What you need to do: The records that follow are to be transcribed in full, without their images.

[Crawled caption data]
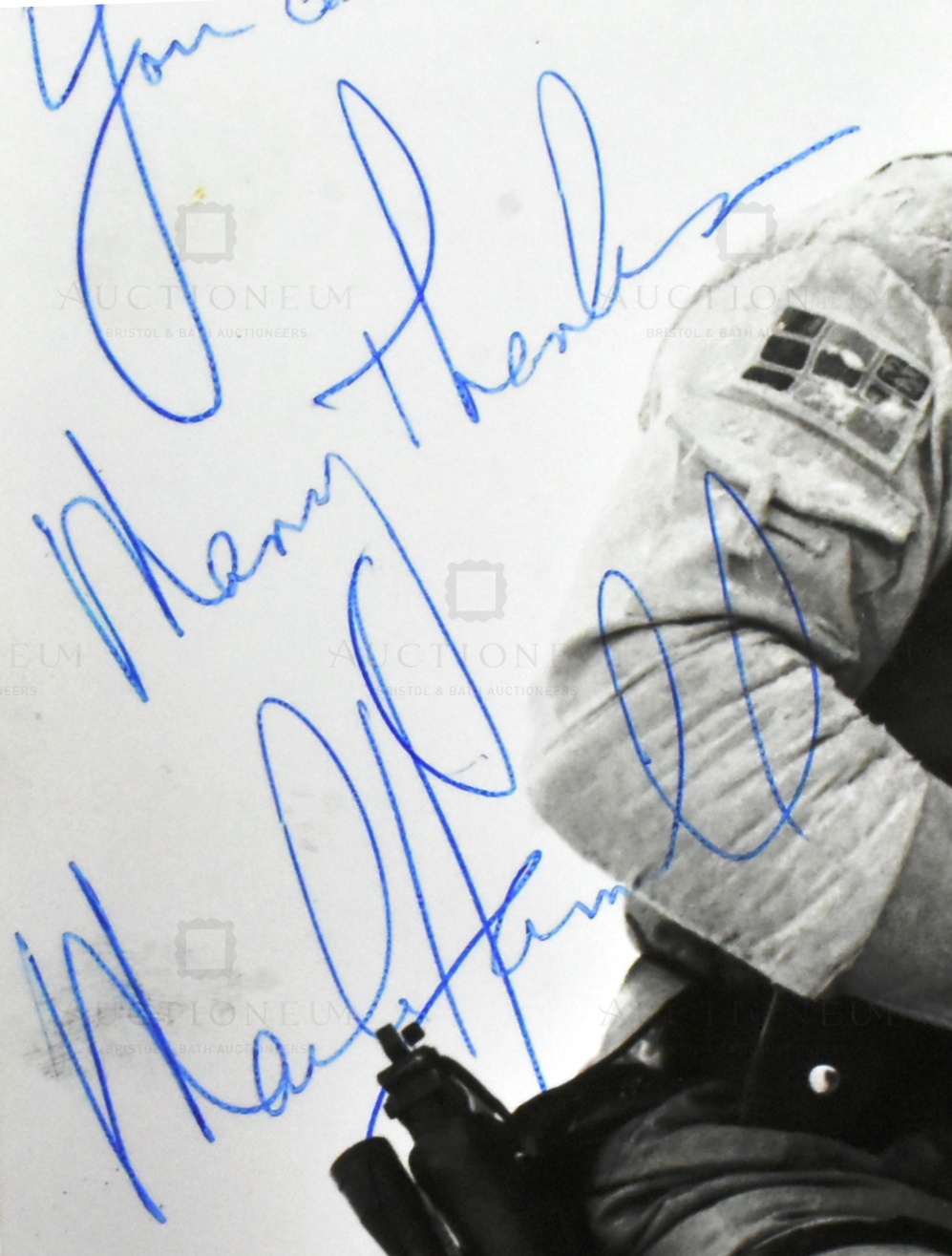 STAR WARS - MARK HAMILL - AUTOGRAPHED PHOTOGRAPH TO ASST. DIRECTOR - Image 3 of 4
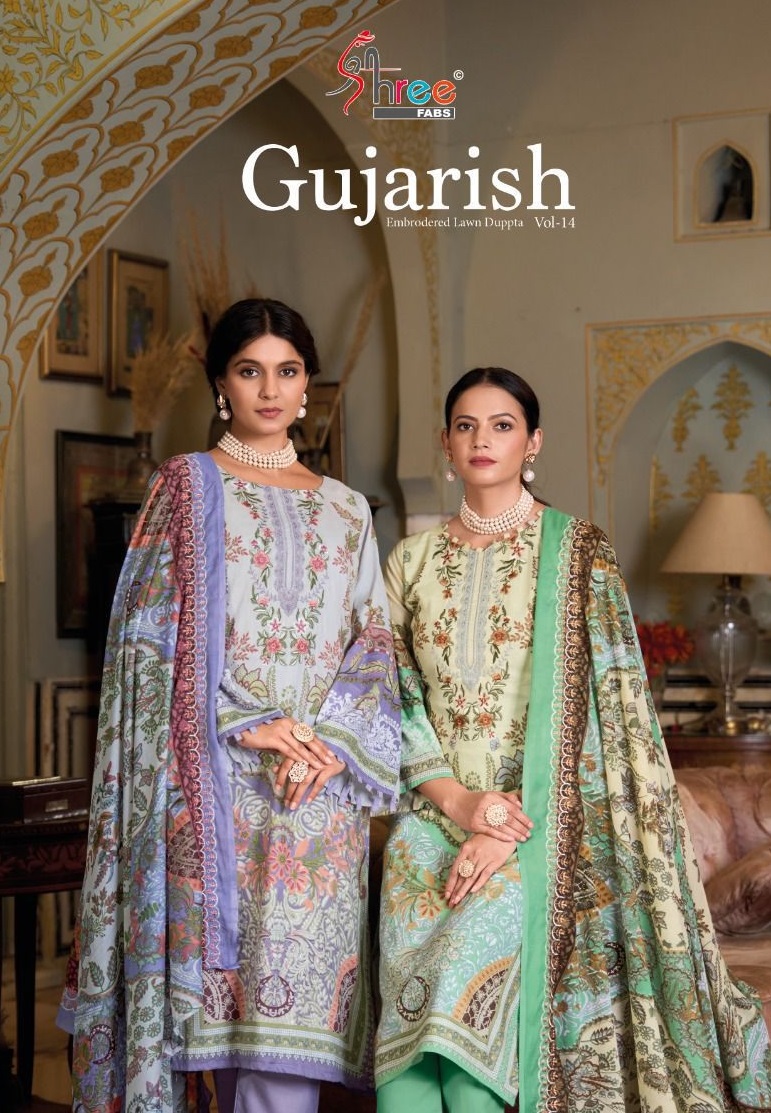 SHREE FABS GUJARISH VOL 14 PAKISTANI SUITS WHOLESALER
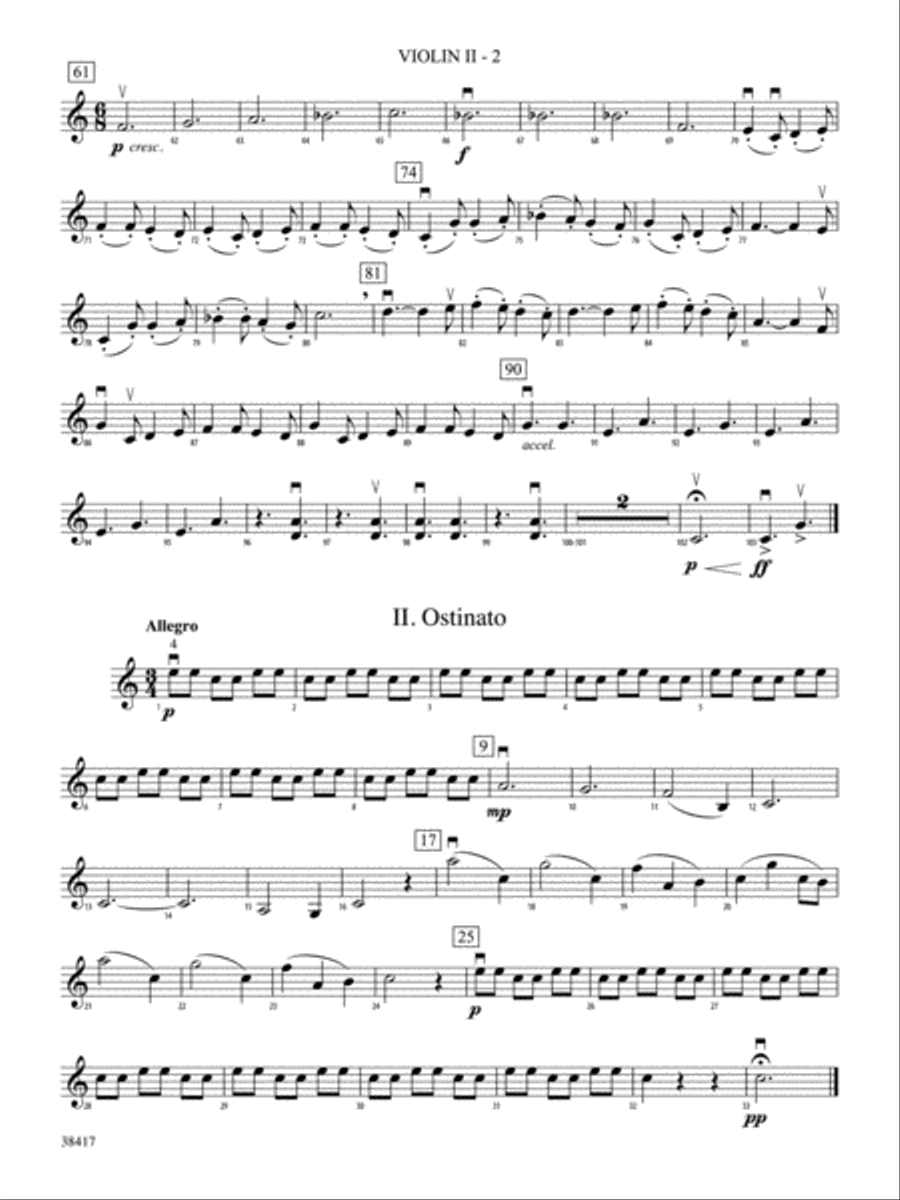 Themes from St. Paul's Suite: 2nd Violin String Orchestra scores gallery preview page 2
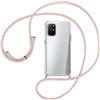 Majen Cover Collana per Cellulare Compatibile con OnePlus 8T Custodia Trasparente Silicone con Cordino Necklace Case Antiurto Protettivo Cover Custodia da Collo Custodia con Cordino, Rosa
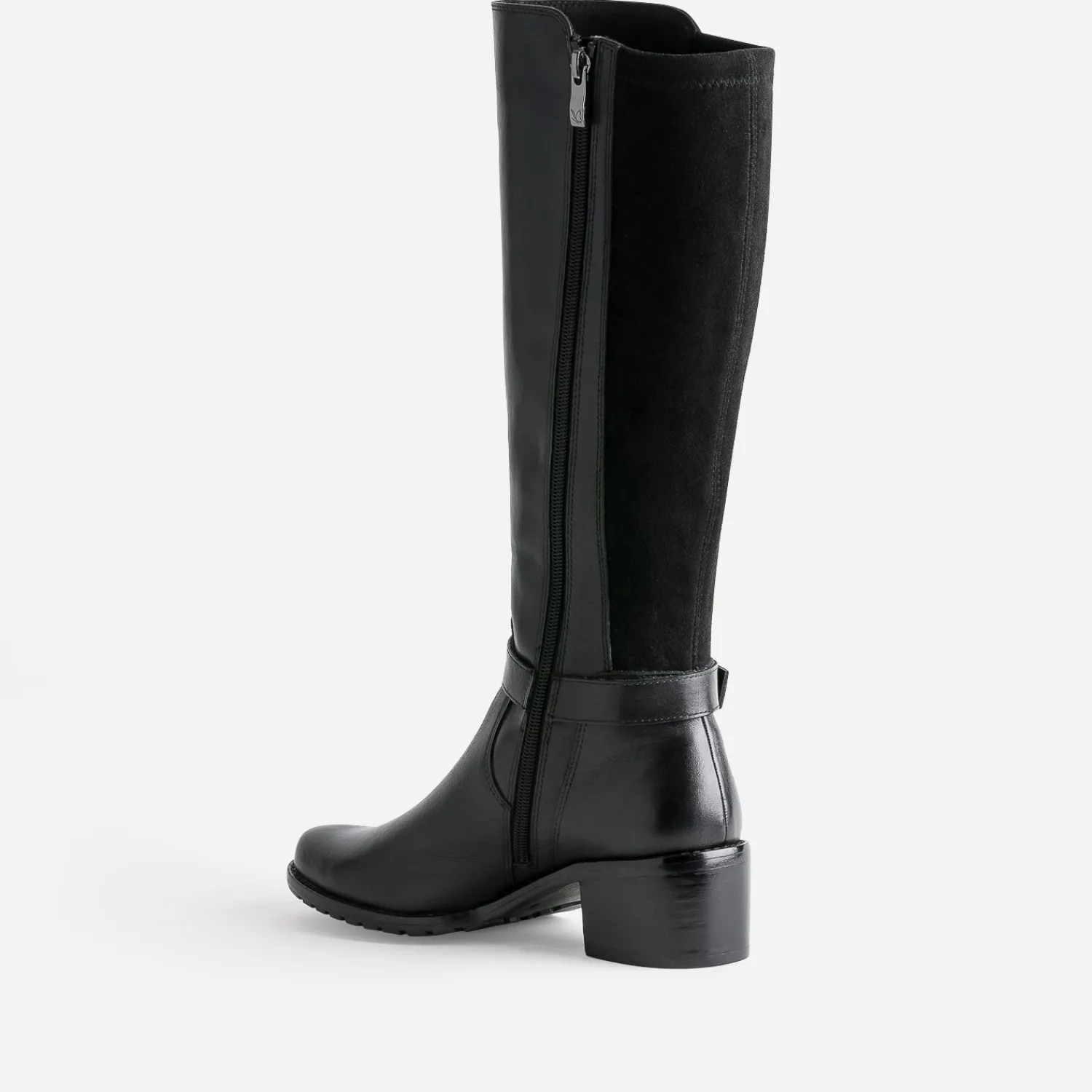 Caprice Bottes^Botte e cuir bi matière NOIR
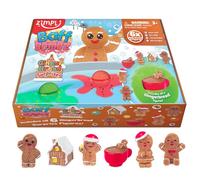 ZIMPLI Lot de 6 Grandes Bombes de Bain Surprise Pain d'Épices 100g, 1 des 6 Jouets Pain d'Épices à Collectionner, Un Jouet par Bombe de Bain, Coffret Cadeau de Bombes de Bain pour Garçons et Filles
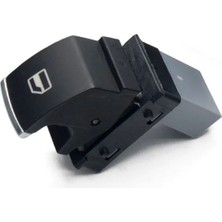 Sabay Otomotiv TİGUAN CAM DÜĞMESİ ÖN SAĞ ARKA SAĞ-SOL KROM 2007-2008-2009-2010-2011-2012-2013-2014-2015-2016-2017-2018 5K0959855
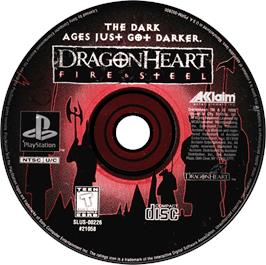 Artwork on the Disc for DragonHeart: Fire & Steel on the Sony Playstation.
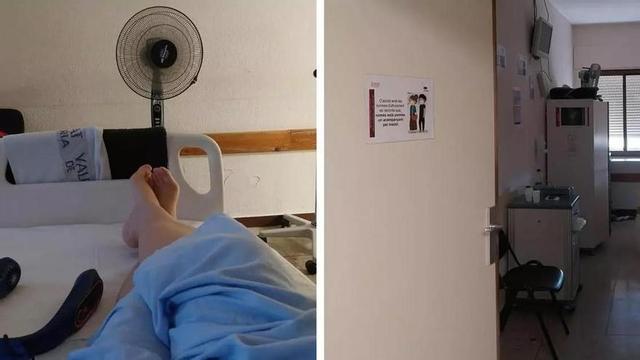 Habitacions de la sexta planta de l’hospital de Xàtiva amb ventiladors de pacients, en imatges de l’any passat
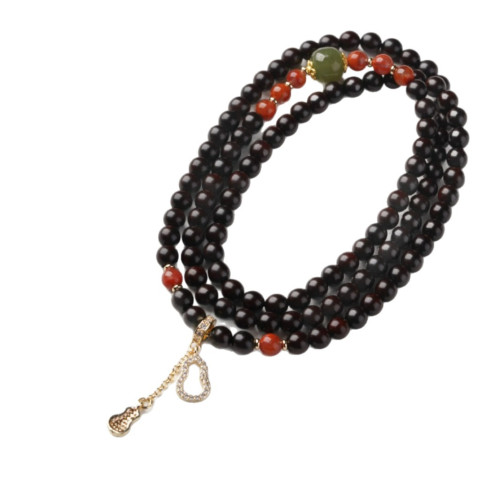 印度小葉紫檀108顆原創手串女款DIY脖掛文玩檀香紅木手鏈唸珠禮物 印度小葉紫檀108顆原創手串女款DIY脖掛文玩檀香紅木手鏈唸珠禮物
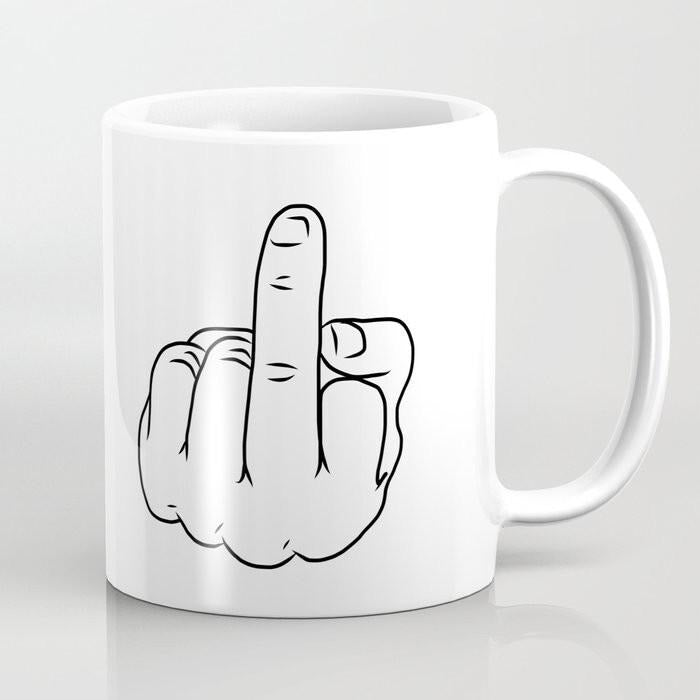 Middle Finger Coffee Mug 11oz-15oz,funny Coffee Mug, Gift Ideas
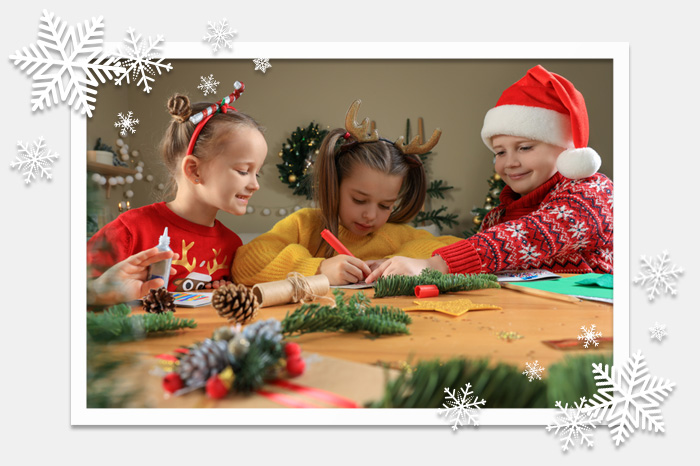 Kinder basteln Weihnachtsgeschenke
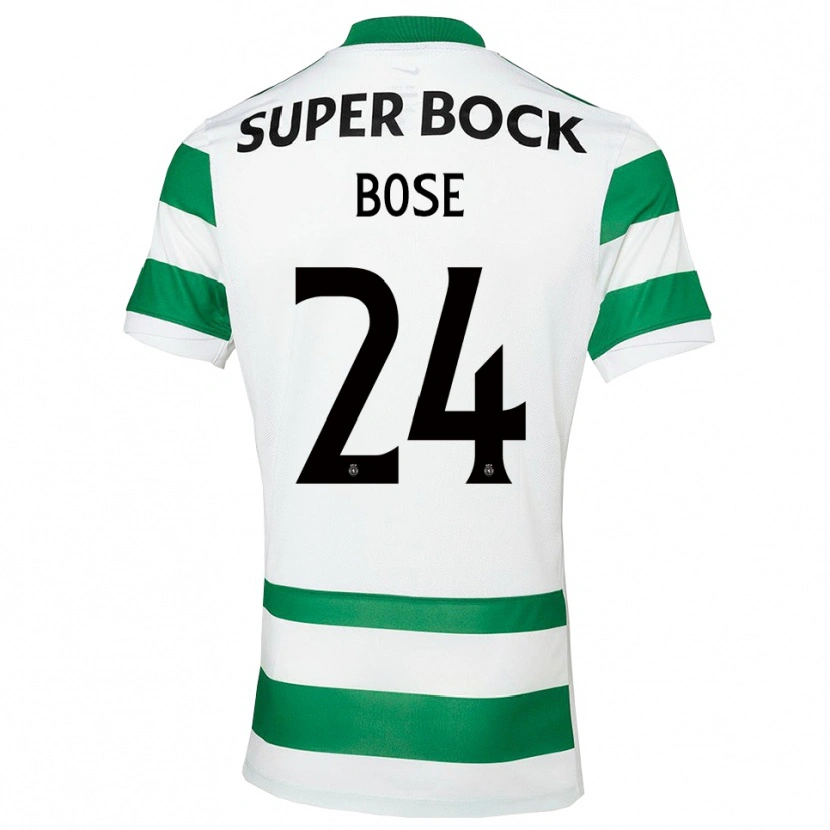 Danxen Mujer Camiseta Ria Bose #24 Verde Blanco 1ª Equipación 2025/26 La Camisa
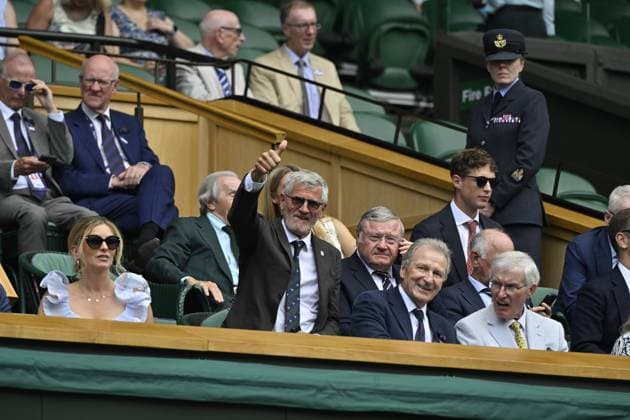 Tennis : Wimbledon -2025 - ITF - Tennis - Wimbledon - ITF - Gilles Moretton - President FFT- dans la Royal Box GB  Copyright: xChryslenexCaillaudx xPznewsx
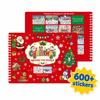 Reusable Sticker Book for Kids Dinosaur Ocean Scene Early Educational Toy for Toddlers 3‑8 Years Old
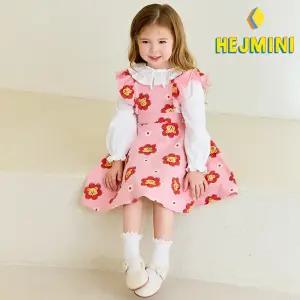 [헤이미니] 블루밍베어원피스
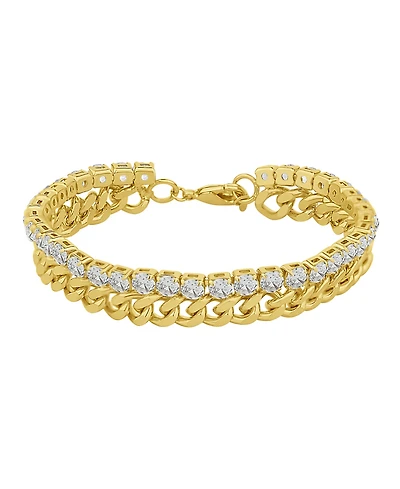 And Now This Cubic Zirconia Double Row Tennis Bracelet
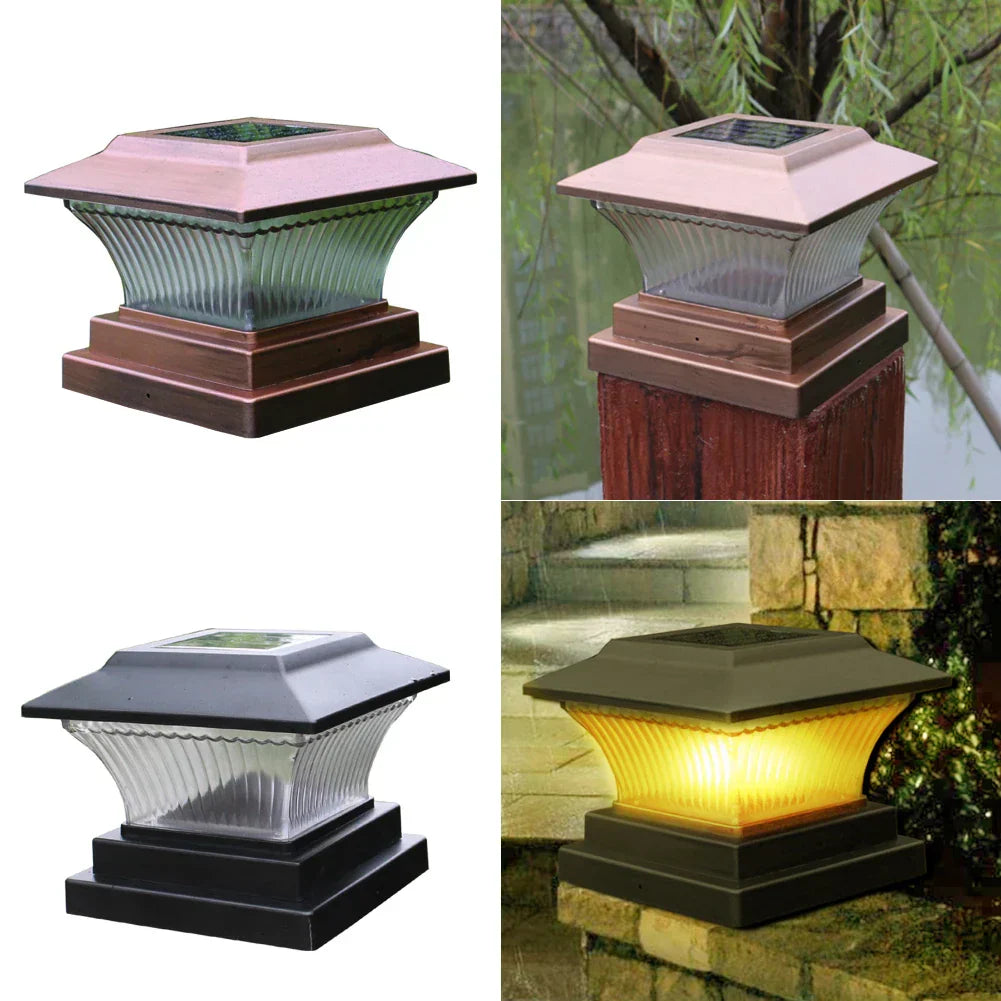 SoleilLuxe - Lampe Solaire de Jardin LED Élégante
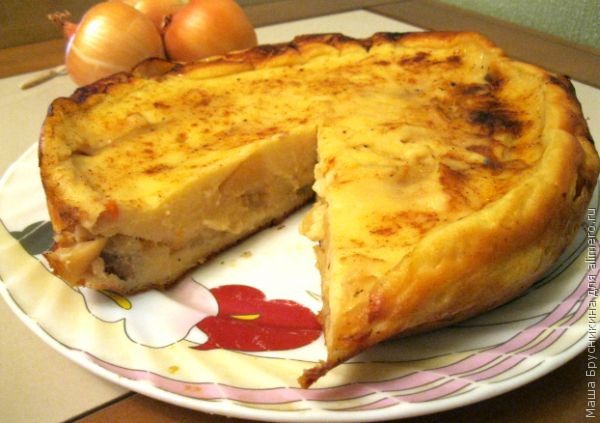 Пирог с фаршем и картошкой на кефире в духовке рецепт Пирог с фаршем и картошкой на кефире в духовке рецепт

Answer to the problem:
 STAR WARS - MARK HAMILL - AUTOGRAPHED PHOTOGRAPH TO ASST. DIRECTOR - Image 3 of 4
 SHREE FABS GUJARISH VOL 14 PAKISTANI SUITS WHOLESALER
 Themes from St. Paul's Suite: 2nd Violin String Orchestra scores gallery preview page 2
 Majen Cover Collana per Cellulare Compatibile con OnePlus 8T Custodia Trasparente Silicone con Cordino Necklace Case Antiurto Protettivo Cover Custodia da Collo Custodia con Cordino, Rosa
 Caprice Bottes^Botte e cuir bi matière NOIR
 ZIMPLI Lot de 6 Grandes Bombes de Bain Surprise Pain d'Épices 100g, 1 des 6 Jouets Pain d'Épices à Collectionner, Un Jouet par Bombe de Bain, Coffret Cadeau de Bombes de Bain pour Garçons et Filles
 Sabay Otomotiv TİGUAN CAM DÜĞMESİ ÖN SAĞ ARKA SAĞ-SOL KROM 2007-2008-2009-2010-2011-2012-2013-2014-2015-2016-2017-2018 5K0959855
 Artwork on the Disc for DragonHeart: Fire & Steel on the Sony Playstation.
 Habitacions de la sexta planta de l’hospital de Xàtiva amb ventiladors de pacients, en imatges de l’any passat
 印度小葉紫檀108顆原創手串女款DIY脖掛文玩檀香紅木手鏈唸珠禮物 印度小葉紫檀108顆原創手串女款DIY脖掛文玩檀香紅木手鏈唸珠禮物
 Middle Finger Coffee Mug 11oz-15oz,funny Coffee Mug, Gift Ideas
 Kinder basteln Weihnachtsgeschenke
 Danxen Mujer Camiseta Ria Bose #24 Verde Blanco 1ª Equipación 2025/26 La Camisa
 Tennis : Wimbledon -2025 - ITF - Tennis - Wimbledon - ITF - Gilles Moretton - President FFT- dans la Royal Box GB  Copyright: xChryslenexCaillaudx xPznewsx
 Reusable Sticker Book for Kids Dinosaur Ocean Scene Early Educational Toy for Toddlers 3‑8 Years Old
 [헤이미니] 블루밍베어원피스
 And Now This Cubic Zirconia Double Row Tennis Bracelet
 SoleilLuxe - Lampe Solaire de Jardin LED Élégante
 Пирог с фаршем и картошкой на кефире в духовке рецепт Пирог с фаршем и картошкой на кефире в духовке рецепт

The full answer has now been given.